Ma, come scrive Umberto Eco, per capire le regole bisogna partire dall’uso che se ne fa. Analizzando la città di Brasilia, infatti, nota che al progetto iniziale si sono sommati, nel tempo, quartieri che non erano previsti sorti in aree che gli architetti non avevano nemmeno considerato. Così accade con le Regional. All’idea di “una serie per ogni continente” si sovrappongono campionati localizzati, alcuni di successo e altri che invece durano poche gare. Ad un campionato giapponese che riesce a trovare iscritti, infatti, si contrappone un campionato indiano che nonostante le buone intenzioni verrà cancellato quasi subito.
Lotte di potere
All’aumento del numero di campionati, nascono i conflitti sia con le serie superiori sia con quelle parallele. Negli Stati Uniti, la competizione diretta con l’Indycar si sente da subito. In un Paese dove la Formula 1 sta cercando un nuovo mercato, è necessario confrontarsi con il campionato a ruote scoperte per eccellenza nel Nuovo Mondo, quello per cui si corre la Indy 500. La Formula Regional Americas, così, si trova a dover battere l’Indy Lights. Proprio in quel periodo, Roger Penske si inizia a occupare di solidificare la serie come via privilegiata d’accesso alla Indy 500, ribattezzandola Indy NXT e potenziandone l’esposizione mediatica. La Formula Regional Americas funziona e trova una sua nicchia, ma resta percepita come un campionato meno valido rispetto al corrispondente a stelle e strisce.
Il secondo conflitto, invece, è interno al format. Per decenni c’è stato un singolo campionato invernale dove mettersi in mostra: la Toyota Racing Series. Da alcuni anni, nel frattempo, i paesi arabi hanno trovato proprio nei campionati invernali la nicchia in cui inserirsi. Così, ad una Toyota Racing Series che nel frattempo si trasforma in Formula Regional Oceania, si contrappone una Formula Regional Middle East. Il Medio Oriente si avvantaggia della sua posizione geografica: i piloti europei lo scelgono. La cultura motoristica di Australia e Nuova Zelanda, però, è tale da permettere alla serie oceanica di sopravvivere anche solo con piloti locali. Tra loro emergono comunque alcuni giovani talenti.
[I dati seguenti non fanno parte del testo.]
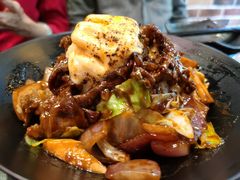 -爆丼日式大排档(季华园店)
Il terzo e più importante duello però si ha con la Formula 3. Nata da un rebranding della GP3, doveva essere la terza serie FIA, l’ultima intercontinentale. Di fatto, almeno fino ad ora, è sempre stata un campionato europeo. Proprio a causa di un calendario incentrato sul Vecchio Continente, presto i piloti iniziano a desiderare di salire più in fretta in F3, saltando la Regional che nel tempo diventa sempre più “accessoria”. In questo processo, le Academy e i manager hanno un ruolo fondamentale nel cercare di portare i giovani piloti alla Formula 1 il più velocemente possibile.
La Formula Regional sta morendo?
Se dovessimo rispondere brevemente a questa domanda, si potrebbe argomentare che tutte le formule cadette, per definizione, sono destinate a rimodellarsi e reinventarsi continuamente per adattarsi alle categorie maggiori. Di conseguenza, la Formula Regional prima o poi dovrà per forza lasciare spazio a nuovi format.
La vera domanda da porsi è se il sistema delle Regional è sostenibile. A distanza di sette anni dall’annuncio, si sta riproponendo una situazione analoga a quella di partenza. Le serie FIA, infatti, non riescono a soddisfare la domanda. Questo favorisce la creazione di campionati esterni con regolamenti paragonabili e la competitività interna per portare i nomi migliori nella propria “regione”.
Alla lunga, la combinazione di questi due fattori ha portato alla percezione delle Regional come elementi di disturbo più che di formazione. Sicuramente parliamo ancora di campionati rilevanti, che molti scelgono comunque di correre, ma se confrontiamo la situazione attuale ai primi anni, è chiaro che la spinta unificatrice della Formula Regional sta andando a spegnersi.
Ci vorranno probabilmente diversi anni prima di essere obbligati a rivedere queste strutture, ma, memori delle esperienze passate, possiamo dire che siamo poco dopo l’intervallo di un film già visto.